Report by Dario Cristiani, Mareike Ohlberg, Jonas Parello-Plesner, Andrew Small - German Marshall Fund of the United States on 2021
di N. Iuvinale
Even before the Belt and Road Initiative (BRI) provided additional clarity about China’s strategic intent, Europe had experienced major influxes of Chinese finance, used to snap up everything from fading brands to large-scale infrastructure assets. The EU and many European states have already expedited their plans to strengthen or launch investment-screening processes.
Yet Europe is still in the early stages of determining the right balance of security, openness, and economic resilience when it comes to China’s economic presence. Many investment-screening mechanisms are new or untested. Debates over how far strategic infrastructure should be viewed through a military security prism continue apace in NATO. China’s “dual circulation” plans for its domestic economy, which signal a more radical approach to self-sufficiency for itself and dependency for others, are still in their embryonic phase, as is European thinking about how to adjust policy in light of it.
Through the analysis of three emblematic case studies, this report takes stock of the situation and highlights commonalities in Beijing’s approach to infrastructure investment in Europe.
The first case is Germany and its neighbors.
Germany remains the economic locus for much of the wider region, and is the dominant actor for the European economy as a whole, which gives outsized weight to national and sub-national choices in the country about how to deal with Chinese economic actors. While specific industrial sectors continue to deepen their commercial ties, concern from important sections of industry about the systemic impact of Chinese economic and political practices has arguably had the single greatest impact on the changing nature of the European debate on China.
The second case is Italy and the wider Mediterranean region.
Southern Europe was the locus of the biggest wave of Chinese investments in sensitive sectors during the eurozone crisis. Many saw Italy’s willingness to sign up to the BRI in 2019 as simply a repeat of the Greek and Portuguese experience earlier. Yet, the picture has proved vastly more complex.
Membership of BRI, far from resulting in a deepening of Sino-Italian relations saw a diplomatic backlash produced by the BRI memorandum of understanding and the end of the populist coalition government, formed by the Five Star Movement and the League, that signed it.
The third chapter moves to the Nordic countries.
The crux of the recent story there too is the change in approach from some of Europe’s most open and technologically advanced states, which have shifted from seeing China through the prism of globalization’s benefits to revisiting the permeability of their systems in light of the risks that it poses.
The coming phase of Chinese infrastructure investment in Europe will not resemble the previous ones.
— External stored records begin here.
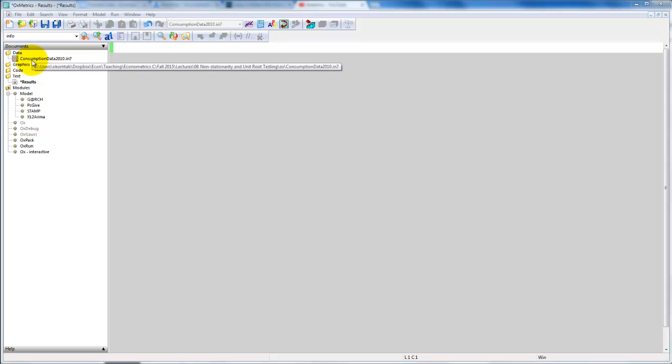In this video we demonstrate how to estimate an ADL model in OXmetrics. We also show how to estimate the corresponding error correction model.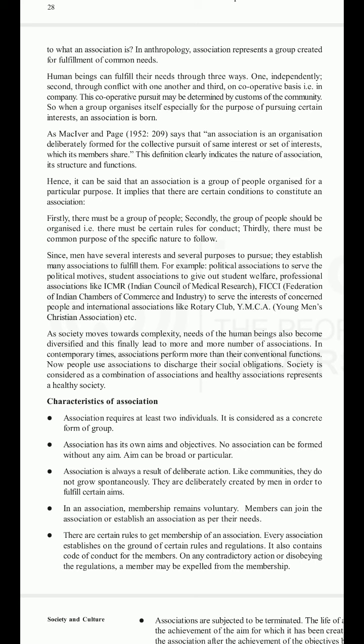An association is a group of people organized for a particular purpose. Certain conditions must be met to constitute an association: firstly, there must be a group of people; secondly, the group should be organized with certain rules for conduct; and thirdly, there must be a common purpose of specific nature to follow. Since people have several interests and purposes to pursue, they establish many associations — for example, political associations, student associations, professional associations like ICMR and FICCI, and international associations like Rotary Club and YMCA.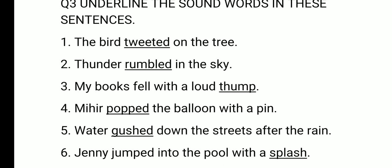Review: The bird tweeted on the tree — tweeted. Thunder rumbled in the sky — rumbled. My books fell with a loud thump — thump. Mihir popped the balloon with a pin — popped. Water gushed down the streets after the rain — gushed. Jenny jumped into the pool with a splash — splash.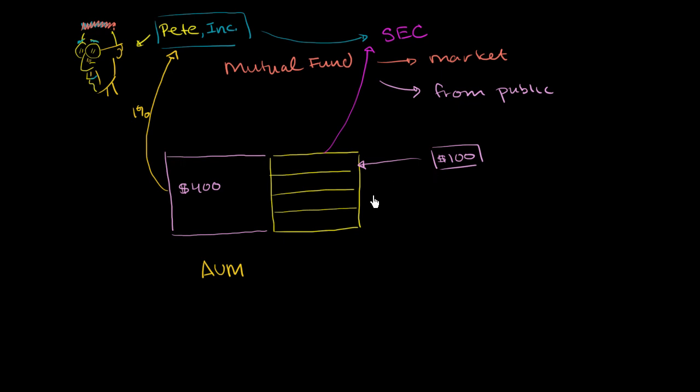And what happens in Pete's fund, and this is going to be an open-ended mutual fund that we're showing here. And most mutual funds are like that.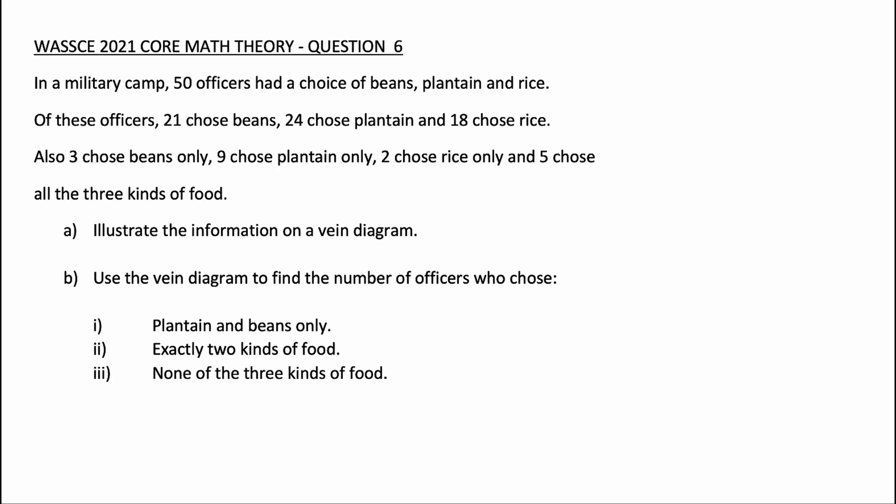Hi guys, welcome to Sabon D. Academy. In today's video, we'll be solving question 6 of the 2021 WASSI Commerce Theory questions. So, question 6.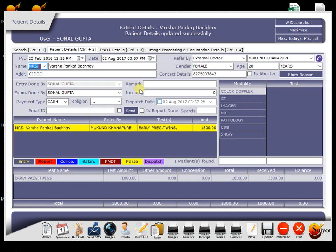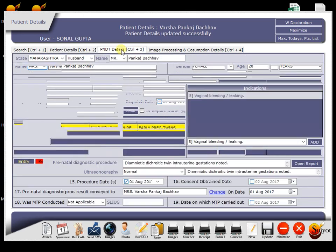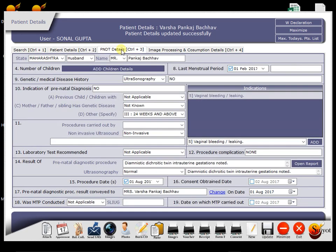But for the obstetric patient, we also take other info from the patient like her previous child details, her LMP. So to enter that info, we have to open third tab that is PNDT details by clicking on it.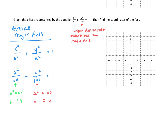Those are going to be the vertices and co-vertices of our ellipse. We're going to write out the ordered pairs for the a values. Because it's a vertical major axis, these are going to be on the y-axis, so those ordered pairs will be (0, 10) and (0, -10) — those are the vertices. The co-vertices will be on the x-axis: (8, 0) and (-8, 0).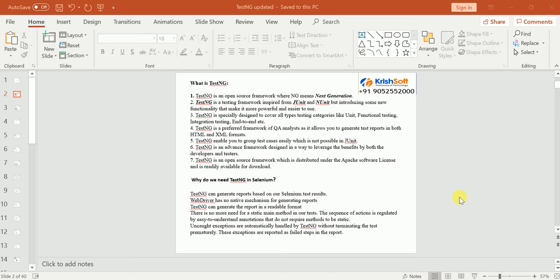Selenium doesn't provide any inbuilt report generation for us — Selenium doesn't have any capability to generate reports, whereas TestNG will provide us the facility to generate reports. Also, if we are writing scripts in each and every class and want to run n number of classes at a time, it is not possible with Selenium alone. Selenium provides the ability to locate elements and perform actions, but for grouping test cases like regression or smoke tests, we need TestNG.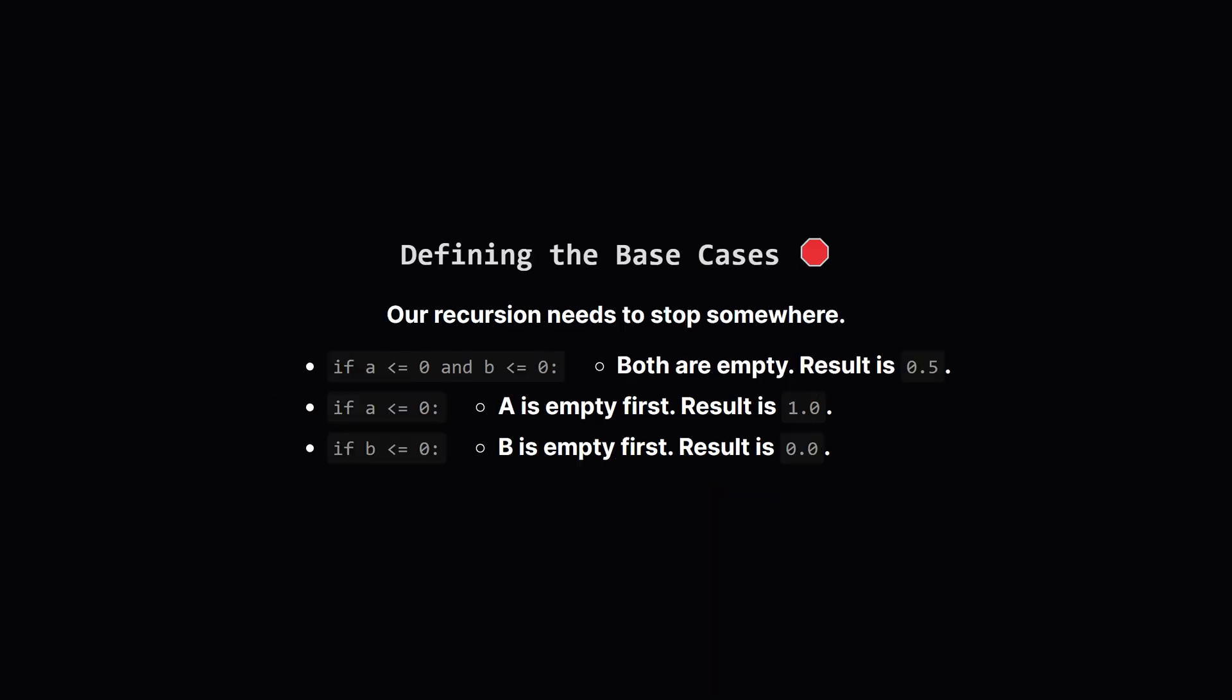Every recursive solution needs base cases, which are the conditions that stop the recursion. Let's think them through. First, what if both A and B are zero or less? This means they ran out on the same turn. The problem asks for half this probability, so we return 0.5.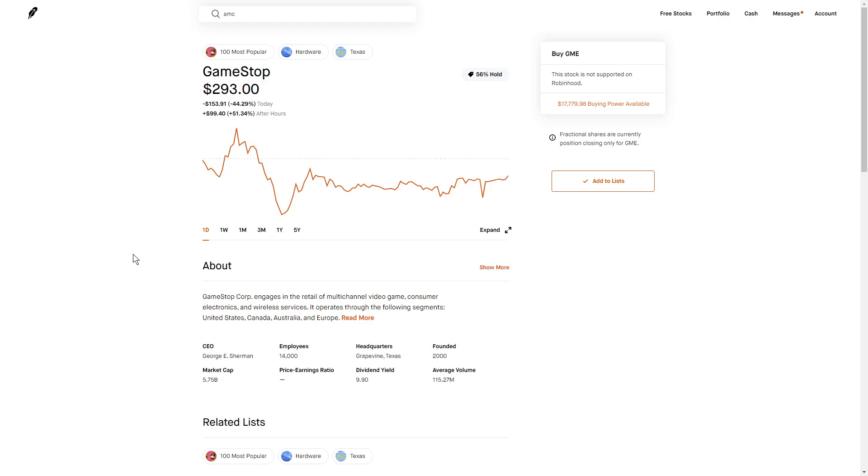Currently, I don't have much positions except some cash-secured puts on AMC, but I am planning on buying a lot of shares when trading does resume.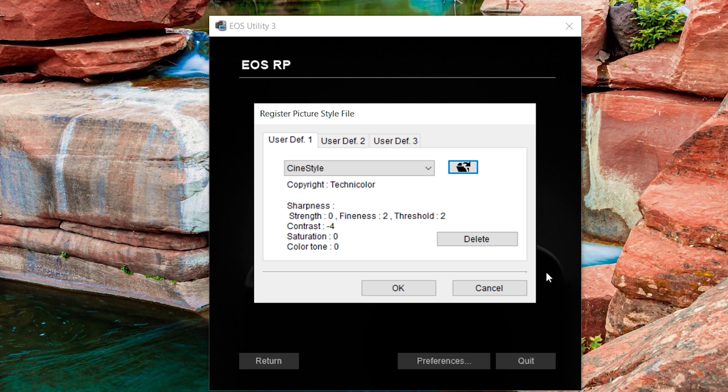Once it loads, click OK and boom, you're done. Unplug and turn on your camera. Go to the picture style menu and select your user defined CineStyle.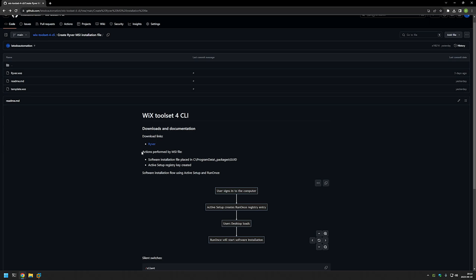This MSI file will not install the software itself, but it will prepare the computer for the software installation. It accomplishes that by performing two actions: first, placing the installation executable in the C:\ProgramData folder — which is accessible to all users with read permissions — and second, creating an Active Setup registry key. After that, when a user signs in, Active Setup creates a Run Once registry entry, the desktop loads, and Run Once starts the software installation. This process happens once per user, both for existing users and future ones.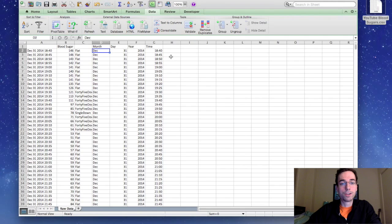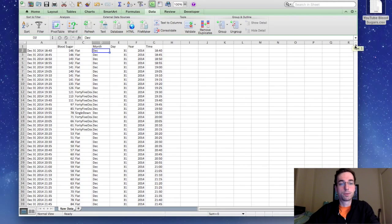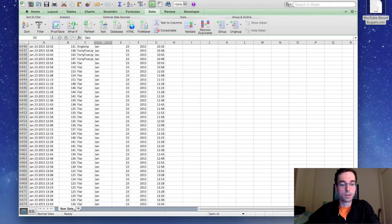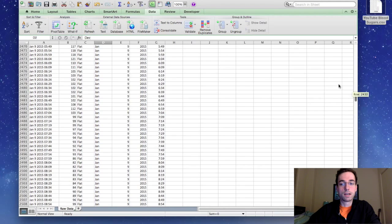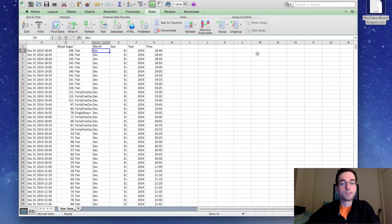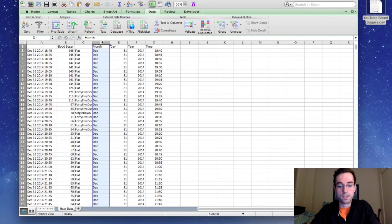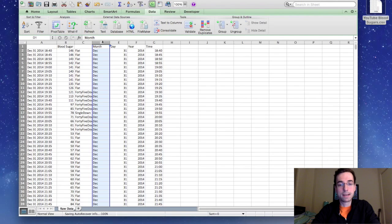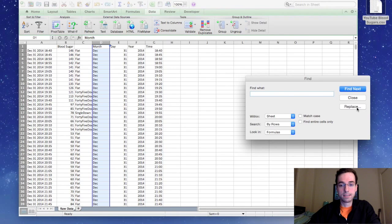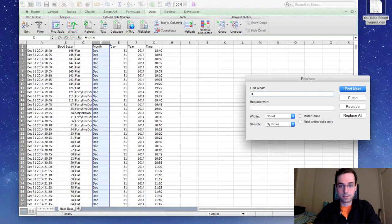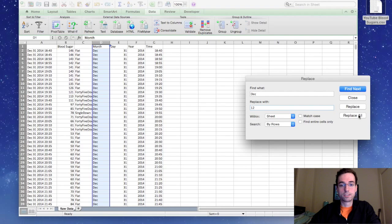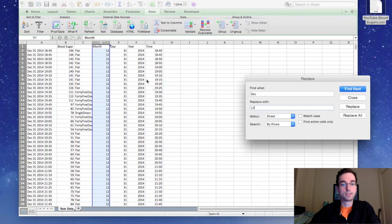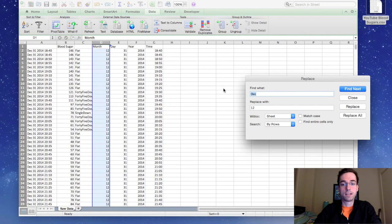Okay. The next thing we're going to do is we're going to need to change the month. So for me, my data goes from December 31st all the way down to January 26th. So I have two different months. I have December and January. And we need to convert the letters into numbers. So what you're going to do is you're going to highlight all of D, press command F, and then choose replace. And so for me, I'm going to say find December, D, E, C, and replace with, I'm going to put the number 12, and then I hit replace all. So 65 times, replace the month December with 12. And then I also have January, so I'm going to find Jan and replace it with 1.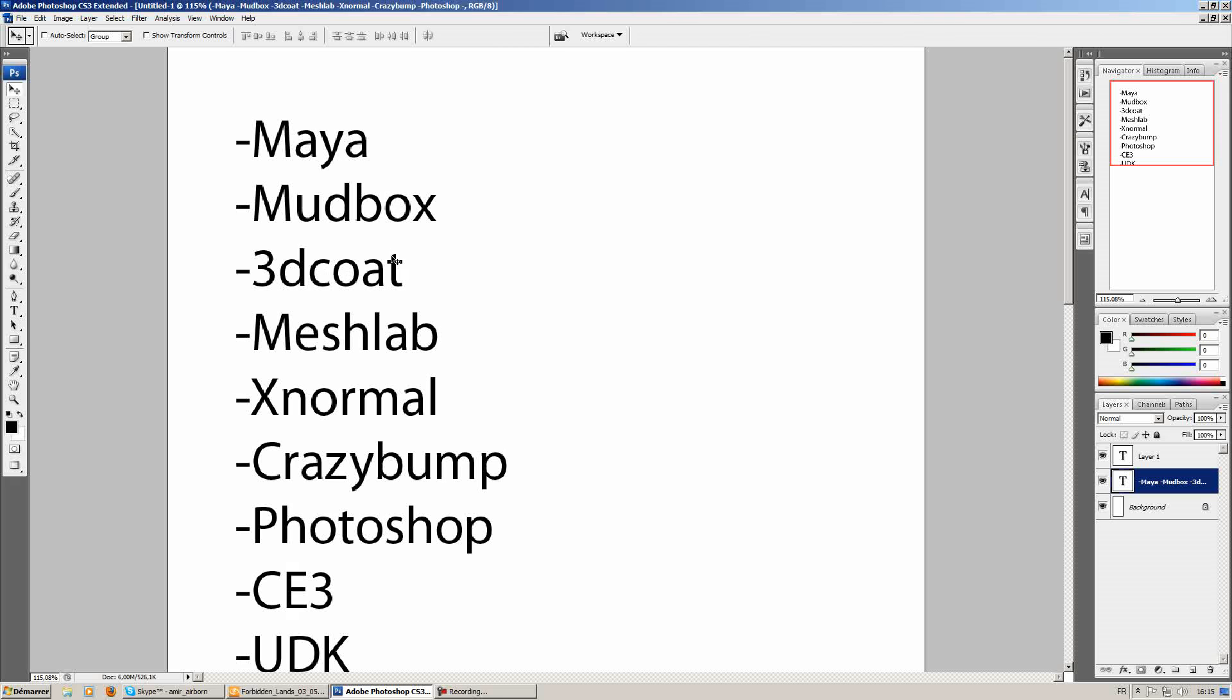And the second version is going to be a medium resolution mesh, which is going to be used in Meshlab, where we're going to generate a low poly mesh for your game engine, CryEngine 3 or UDK.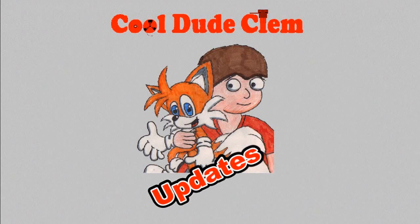Okay, it's CoolDudeKlem here, and welcome to another CoolDudeKlem's update, or whatever you want to call it.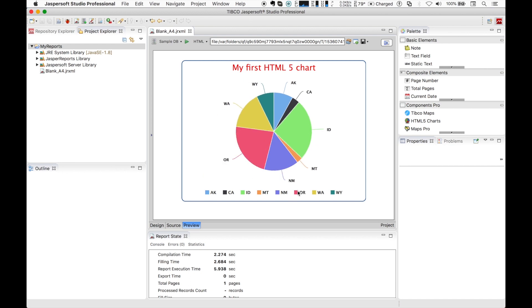This concludes this soft introduction to the HTML5 chart component and its basic configuration. I strongly suggest you read the dedicated section in the Jasper SoftStudio online manual. There is a lot of useful information that expands what you saw today, and more examples that are presented step-by-step. Thanks everyone for watching.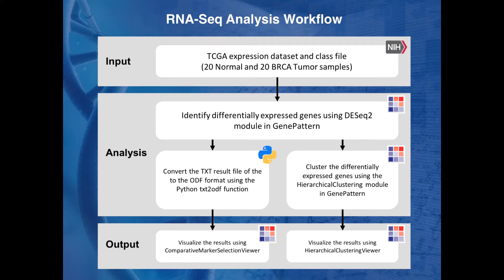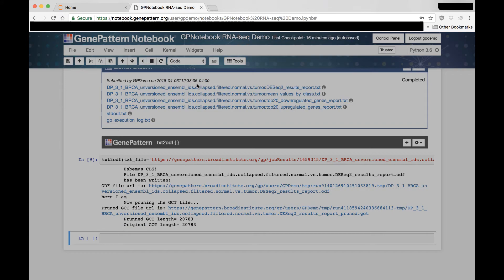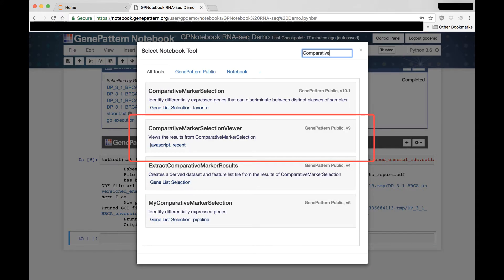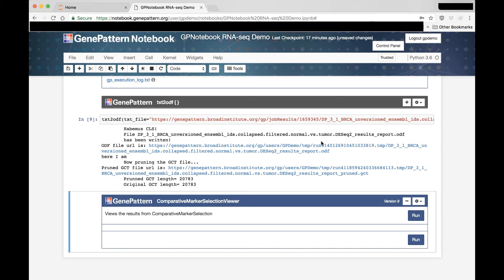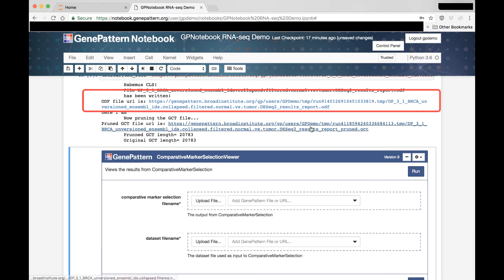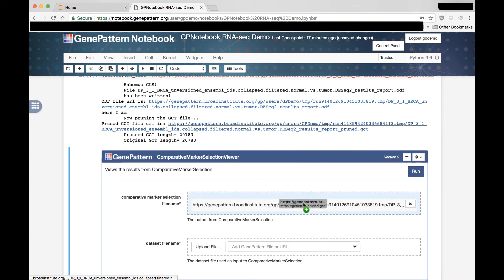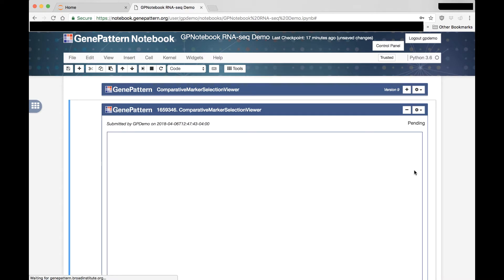The last step in our example differential expression workflow is the visualization of our DESeq2 results, which we just converted from TXT to ODF for use in the GenePattern module, Comparative Marker Selection Viewer. To add this module to our notebook, as before, we create a new cell and change its type to GenePattern. We then search for Comparative Marker Selection Viewer and add that to the notebook. Next, we drag in the ODF file, which was created from our UI Builder Python function, and the GCT file that was produced in that same function. Then we run the module which produces an interactive JavaScript viewer displaying our data in our notebook.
Beijing is well aware of the changed political climate in many countries, of the heightened sensitivities around these investments, of the greater attention from the United States, and of the new scrutiny mechanisms that are in place. Nonetheless, European analysis and responses to China has often been characterized by a “rearview mirror” approach.
In drawing lessons from the case studies, the main question to address is how to ensure that the substance of the security concerns relating to Chinese investment is addressed rather than just the specific forms it has taken in the past.
building appropriate expertise to ensure that governments are better attuned to China’s changing goals and methods;
addressing the more complex set of dependencies that China is now looking to establish with Europe through the “dual circulation” agenda;
better integrating investment screening with the trade and industrial policy agenda, including with close attention to the European and allied military industrial base, with digital infrastructure as a central priority;
adjusting legal frameworks rapidly, and retaining sufficiently expansive discretionary powers to be able to deter actions that work against the spirit of the screening legislation or move retroactively when this fails;
robust transparency requirements relating to ownership, control, finances, audits, and personnel;
a more active role for NATO and defense ministries in identifying risks and raising red flags that are hared with other alliance members;
pushing ahead with a more serious infrastructure finance offer from Europe and its partners to third countries, lining up connectivity finance and streamlining the fragmented, slow-moving processes that add up to less than the sum of their parts; and,
ensuring that European states have sufficient capacity to influence the overall shape of the emerging framework of essential coordination among like-minded partners, rather than being primarily reactive to developments in U.S. and Chinese policy.